Using a study of critical infrastructure networks in North Argyll, the research team developed an industry-friendly Resilience and Vulnerability Decision Support System (RV-DSS) tool. The tool measures water, transport and energy network resilience and vulnerability to hazard events. It also offers cost-benefit analysis, allowing asset owners to make evidence-based decisions.
Dr Imani and her team's research has shaped knowledge and understanding on resilience-informed SuDS incorporation based on four pillars of water quality, water quantity, amenity and biodiversity among key decision-makers – including engineers, public health professionals, local authorities and policymakers – in the state of São Paulo in Brazil and in India.
They held several seminars, workshops, lectures, and focus groups between 2018-2020 with participants from the UK, Brazil and India.
Dr Imani was invited by CETESB to talk about WQR-ANN project and its findings and the role that Machine Learning techniques play in effective assessment and delivery of water systems resilience, in their headquarter office in São Paulo with over 3,000 employees.
The ANN-based resilience model developed in WQRGIS/WQR-ANN project was shared with engineers through an Institution of Civil Engineers CPD workshop.
Training sessions were also held to share the interactive tools that allow urban planners, asset owners and other stakeholders to develop a greater understanding of planning, maintaining and managing water infrastructure facing climate-induced challenges.
Formal feedback indicated a significant increase in attendees’ knowledge and understanding of resilience-informed decision-making, the challenges around that, and ways of incorporating water systems resilience into day-to-day business practices.
The effectiveness of the tool to identify ‘hot spots’ of flooding (ie vulnerable areas) was tested and validated by a series of site visits arranged by the São Paulo Civil Defence Department. This was successful and the Department initiated a review of the role that the resilience-driven interactive tool could play in supporting their SuDS and flood management decision-making.
Peterborough City Council has used the results from the RESoURce@Brandia project to inform its risk management strategies and improve the sustainability of its drainage system.
ARU's Brazilian partners (UFSCar and São Paulo University) have used Dr Imani and collaborators' research to raise awareness of water resilience among the next generation of Brazilian architects, engineers and urban planners by including learning into their postgraduate course, Águas Urbanas: Interdisciplinary Studies for Resilience and Sustainability. Dr Imani helped to support the delivery of this course.
In the UK, Dr Imani and collaborators' research has raised awareness of infrastructure resilience and supported improved management practices.
They shared the results of her research, and the visualisation and analytical tools they developed.
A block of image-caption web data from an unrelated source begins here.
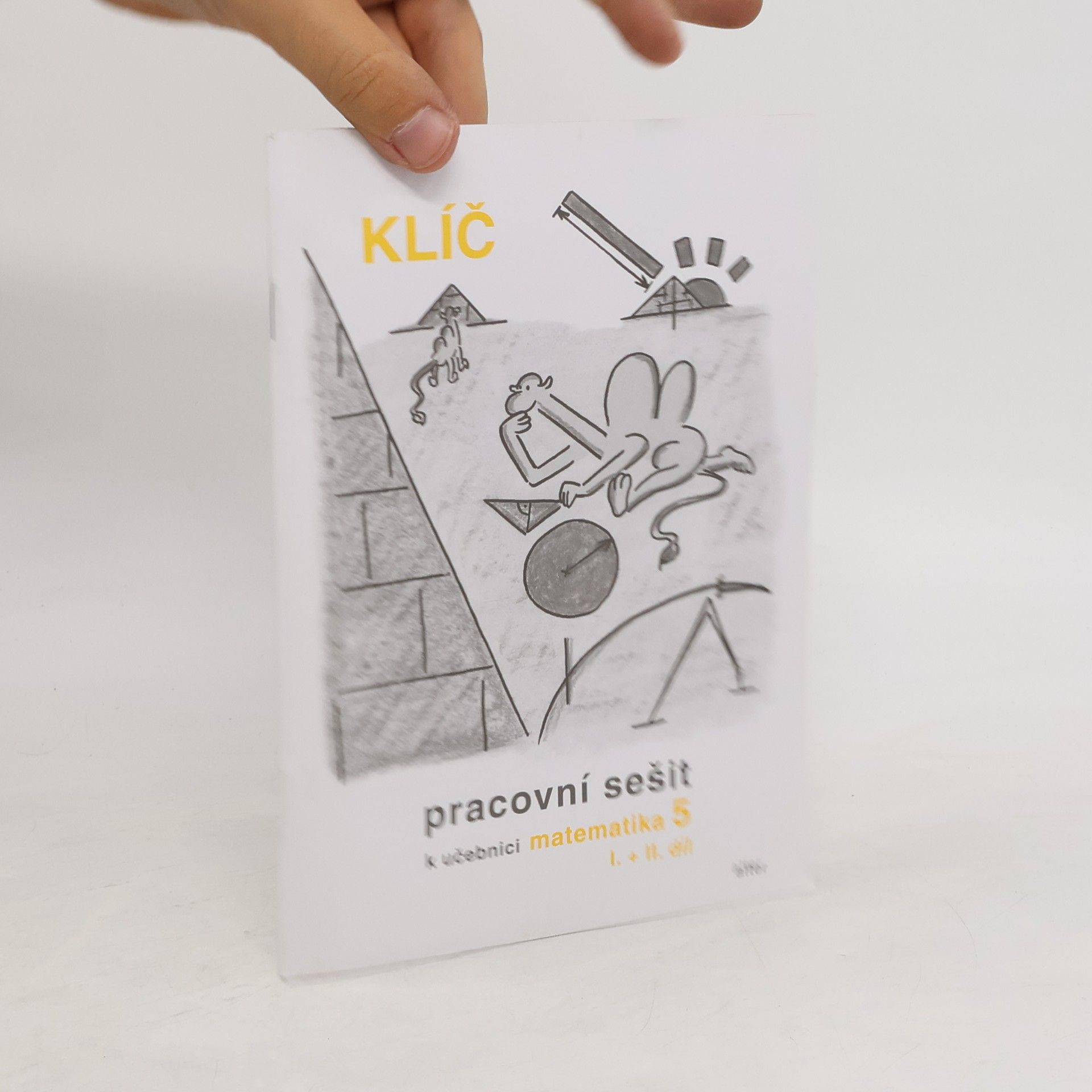 Jaroslava Justová Klíč Pracovní sešit k učebnici matematiky 5, I.+II. díl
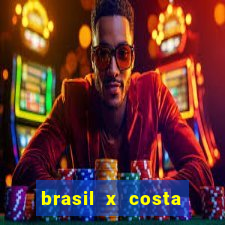 brasil x costa rica odds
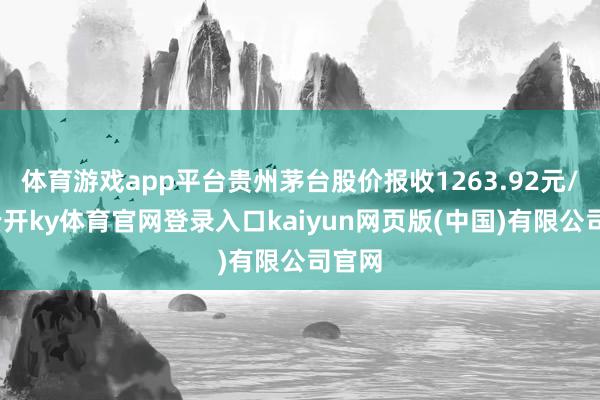 体育游戏app平台贵州茅台股价报收1263.92元/股-云开ky体育官网登录入口kaiyun网页版(中国)有限公司官网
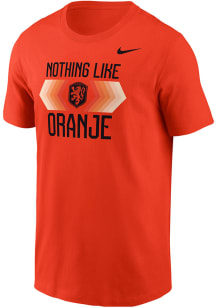 Nike Netherlands National Team Orange Nothing Like Oranje Short Sleeve T Shirt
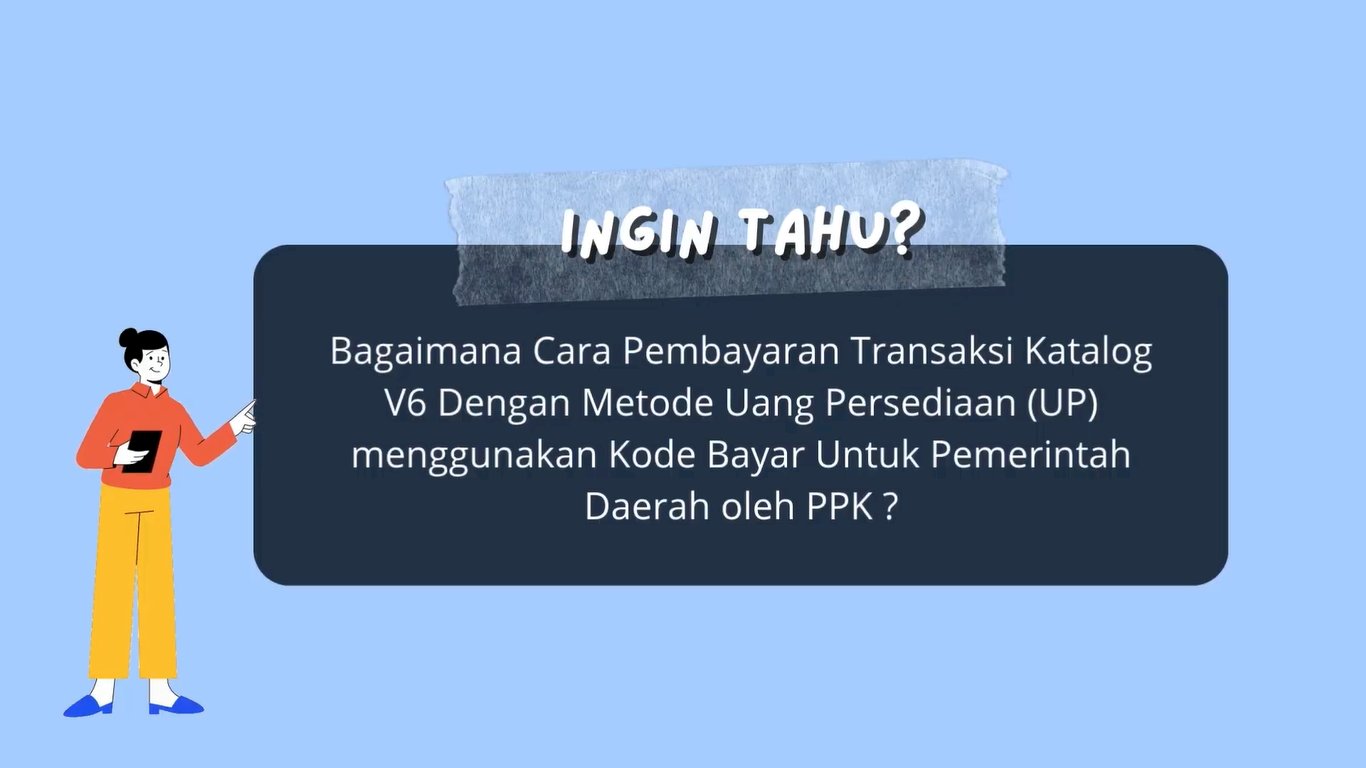 Tutorial Pembayaran UP dengan Kode Bayar bagi PPK dan Bendahara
Results from the RV-DSS project have encouraged practitioners to consider the interdependencies between infrastructure systems when developing management solutions – the better to ensure resilience to climate change, and in particular the impact of extreme weather events.
The RV-DSS tool has been shared with the project’s critical infrastructure partners. Meanwhile the project’s findings have been shared with the wider construction industry through the Construction Industry Research and Information Association, and an impact seminar at the Institution of Civil Engineers.
We have mapped our REF 2021 impact case studies against the United Nations' Sustainable Development Goals (SDGs).
The 17 SDGs, adopted by all UN Member States in 2015, are an urgent call for action. They recognise that ending poverty and other deprivations must go hand-in-hand with strategies that improve health and education, reduce inequality, and spur economic growth – all while tackling climate change and working to preserve our oceans and forests.
This case study is mapped to SDG 6: Ensure availability and sustainable management of water and sanitation for all, target 6.5.